BEGIN
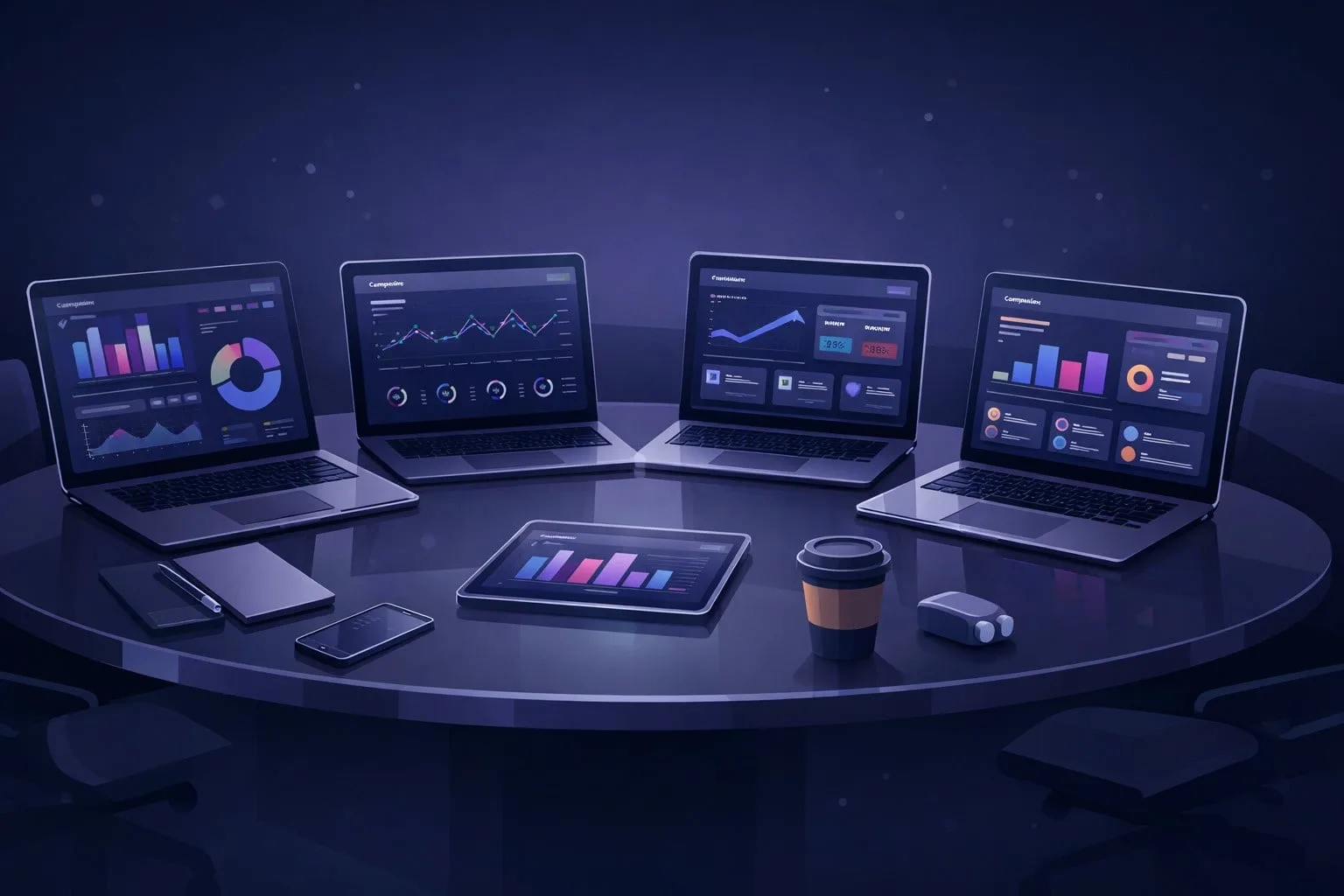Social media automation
END
BEGIN
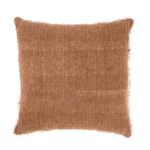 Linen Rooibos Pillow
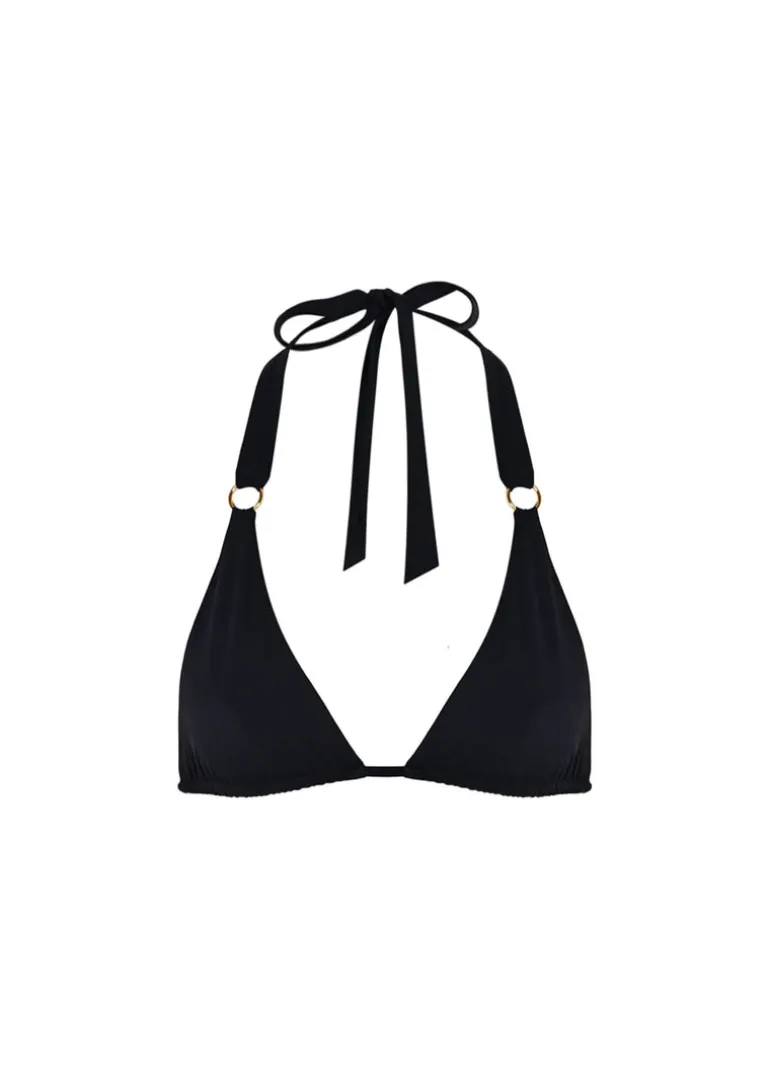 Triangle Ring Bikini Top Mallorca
END
**EXERCISE DESCRIPTION:** The lines above from the line with "Linen Rooibos Pillow" through the line with "Triangle Ring Bikini Top Mallorca" are to be given again word for word, with no pictures among them.

**EXERCISE ANSWER:**
 Linen Rooibos Pillow
 Triangle Ring Bikini Top Mallorca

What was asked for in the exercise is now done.